La frase «mi real gana» recurre en nuestra conducta, como si un motor llamado indisciplina o irrespeto nos azuzara hasta hacernos apelar a lo imposible o lo improcedente. ¿Tendrá relación con nuestro paso jadeante, nuestra habla precipitada, o en cambio con nuestra tendencia a la impuntualidad? Porque la impuntualidad, en el espacio individual, pide a menudo comprensión, pero cuando el impuntual es otro u otra, nos ponemos a pasear de izquierda a derecha en la esquina de nuestra espera, y a farfullar no sabemos cuántos reproches.
Traslademos, pues, ese hábito a lo político o lo económico, que ambas esferas se interrelacionan dialécticamente, influyéndose entre ellas aunque a algunos no les plazca saber que la sociedad y sus leyes no son patrimonio exclusivo de los deseos y de la voluntad. Concentrémonos, pues, en la impuntualidad, que usualmente significa no estar a punto, o no llegar a tiempo y, por extensión, incumplimiento o distorsión, o el hacer lo que me parece, diga quien diga lo que haya que hacer y aunque lo exija la legalidad. Lo sabemos: cada día se colecta un muestrario de absurdos que presionan a nuestra sociedad a salir definitivamente de la ingenuidad, y comprender que el rigor, el orden, y la percepción de que la estrategia del crecimiento y el desarrollo no consisten solo en proyectar en términos generales, sino en determinar qué corresponde a cada uno de nosotros y luego, como método, exigir y corregir.
De muchos de los episodios sufridos en lo personal o leídos en algún periódico se deducen varias conclusiones.

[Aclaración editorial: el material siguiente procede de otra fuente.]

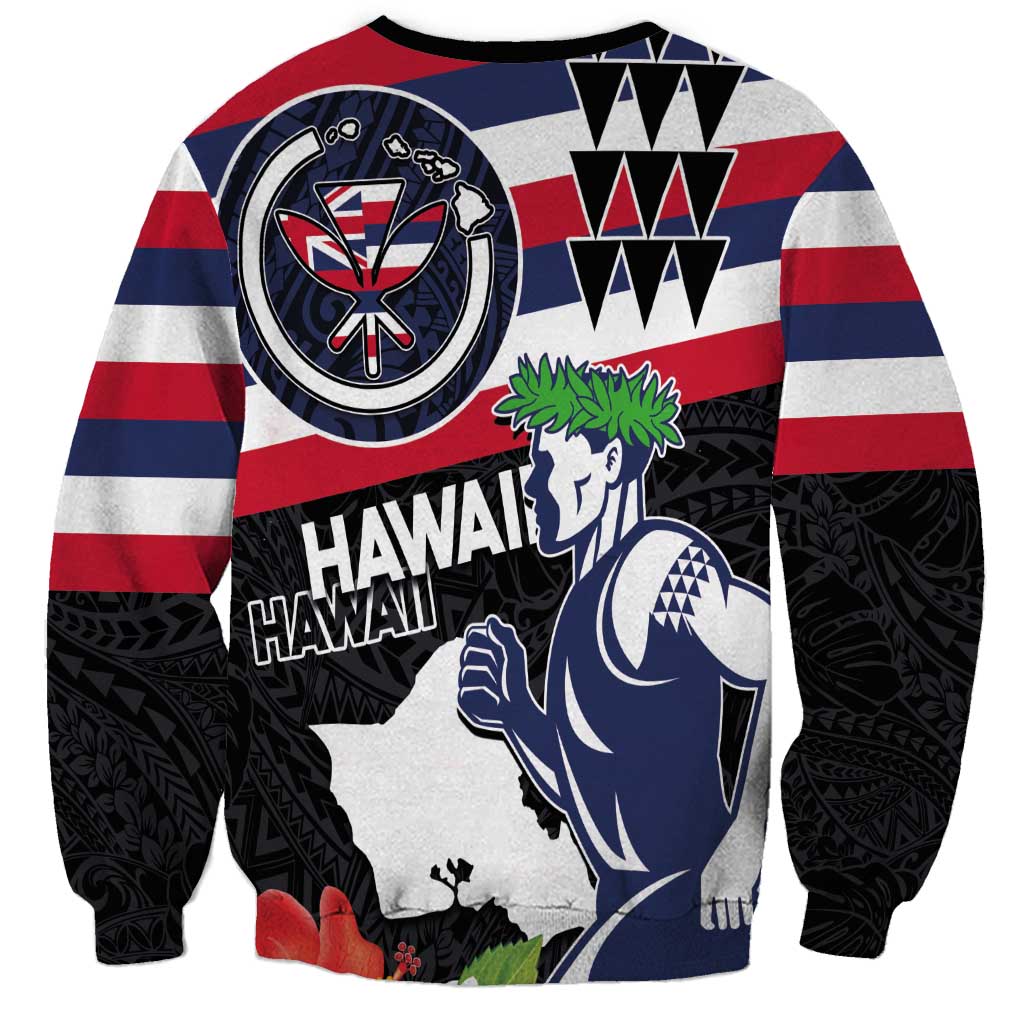 Honolulu Running Race Sweatshirt Hawaii Marathon Kakau Art with Hibiscus and National Flag Style LT03 - Polynesian Pride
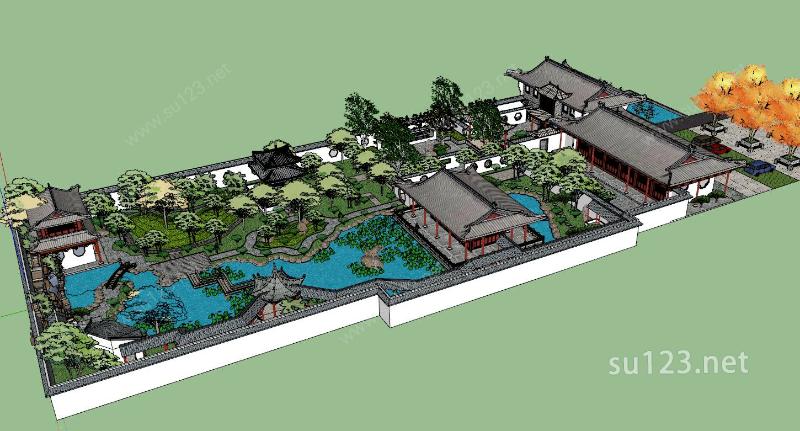 中式风格荷塘 庭院景观SU模型下载草图大师sketchup模型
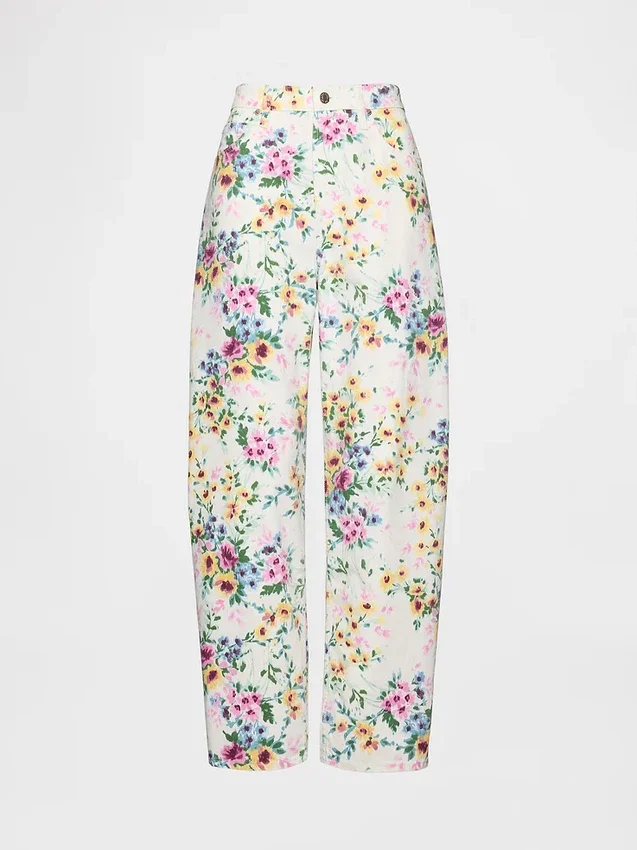 Jeans med høy midje og blomstermønster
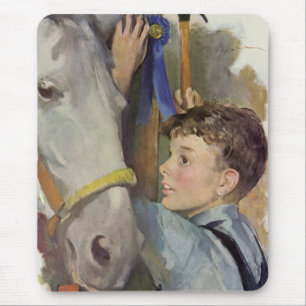 Vintages Rennpferd, Blue Ribbon Sieger mit einem J Mousepad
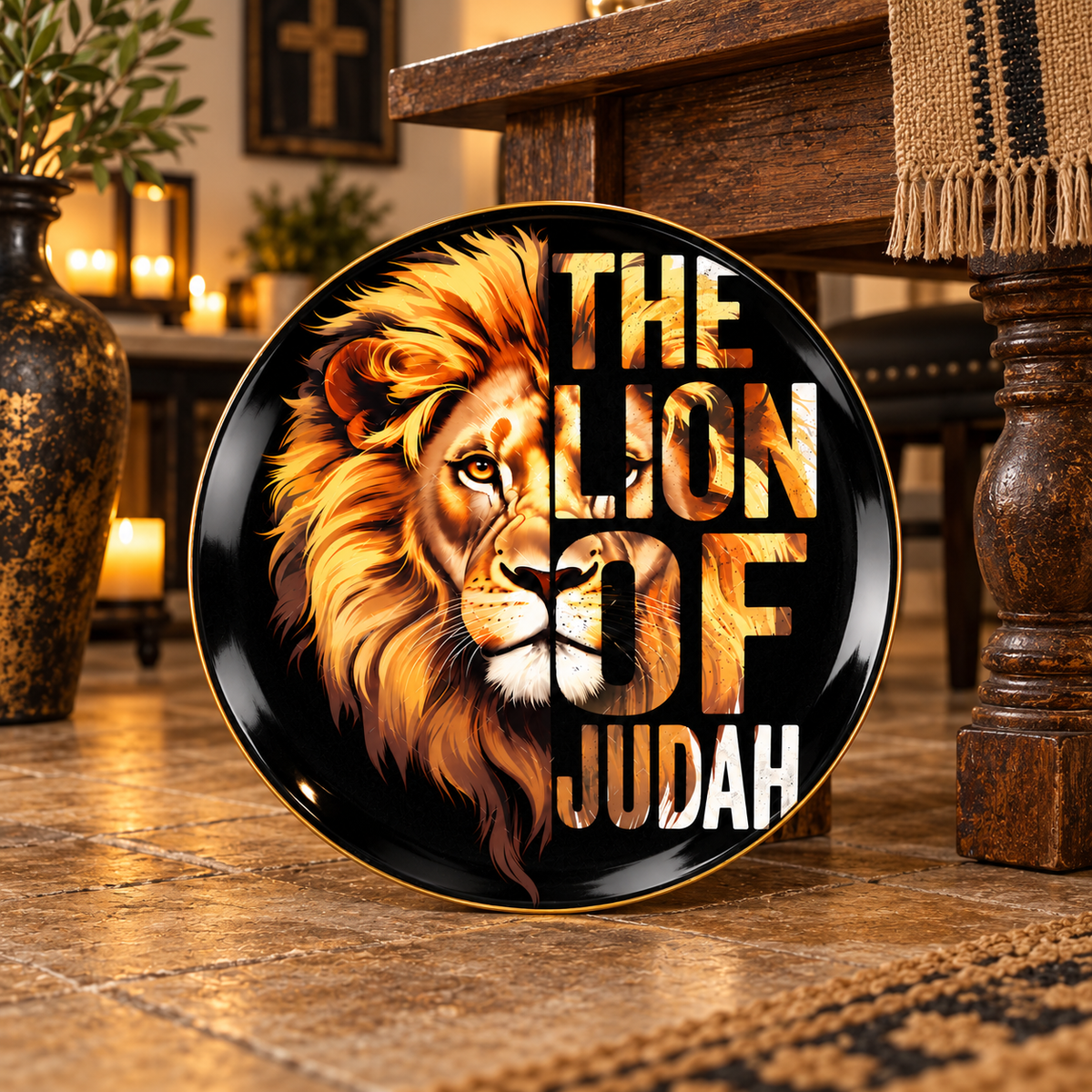 Lion of Judah Ceramic Plate – Christian Lion Wall Decor, Jesus Lion of Judah Decorative Plate, Faith-Based Home Decor, Religious Gift for Christians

Una de ellas se refiere a que todavía entre nosotros subsiste una forma de resolver ciertos problemas con un tajante no, porque a «mi real gana» no le gusta saber que si yo no sé de su existencia, esa moneda de cinco CUC —como le ocurrió a una lectora de Juventud Rebelde— no existe. Y no tengo que averiguarlo. Es decir, algunos con responsabilidades decisorias continúan observando la vida y los problemas de la gente desde una tarima que los mantiene en alto, cuando lo más útil sería mantenerlos en vilo, como expuestos a responder, sin fintas ni aplazamientos, por el incumplimiento de sus deberes. De lo contrario, los efectos de los problemas que quienes administran o gobiernan deben de solucionar o al menos explicar, pueden, a veces, ser asumidos como una malévola inclinación a mortificar.
Nuestros cuadros podrán prepararse en Economía; podrán ampliar su cultura general. Pero el conocimiento especializado y la cultura deben, en la actividad moral del revolucionario, beneficiarse con la ética del servir. Servir a alguien. Y cambiando un tanto el sentido del verbo, servir para algo, que equivale, según mi criterio, a saber ejercer, además de los concernientes a la tarea, los valores éticos de una sociedad adscrita a la justicia, la igualdad, la equidad y la solidaridad. Y no digo la libertad, porque sin los valores citados la libertad es un concepto virtual.
No habremos de dudarlo: a la cabeza de la nación se aprecia el liderazgo. Pero una luz, por clara y larga que sea, no basta. Esa luz que casi todos acatamos y respetamos, necesita que en cada comunidad, en cada centro de trabajo, en cada empresa, en cada institución u organismo, el liderazgo se multiplique para halar, ordenar, conducir, aplicar correcta y creadoramente los preceptos de la estrategia renovadora.
Una mentalidad desactualizada y retrógrada sea quizá la culpable. Mas, a mi entender, es culpar en abstracto. Porque nos figuramos que como todos somos víctimas de la fuerza irresistible de un dominante enfoque muy rígido, nadie es responsable de pensar con la inflexibilidad del bronce o del mármol. El problema, por tanto, se va convirtiendo en un círculo vicioso. Y me parece que olvidamos el papel de la subjetividad, la influencia de lo moral. El cumplimiento del deber no es solo apariencia, obra escenificada sin que la conciencia intente como mínimo actuar de modo que el personaje sea capaz de convencer renunciando a su hábito de recitar en vez de interiorizar el papel.
Y, sea dicho con juicio constructivo, ante una mala actuación, el director de escena orienta los gestos, los énfasis, y si el personaje no cristaliza, cambia al actor. Lo repito, muchos habremos de vivir en vilo, para que nuestra «real gana», esa que incluso, causando descontentos, se niega a cumplir sentencias de tribunales en lo civil, o esa que le conviene no ver los problemas para continuar en la placidez, se sienta impelida a desplazarse hacia las ganas de lo real. Porque la opción es una: cambiar o levantarse del asiento.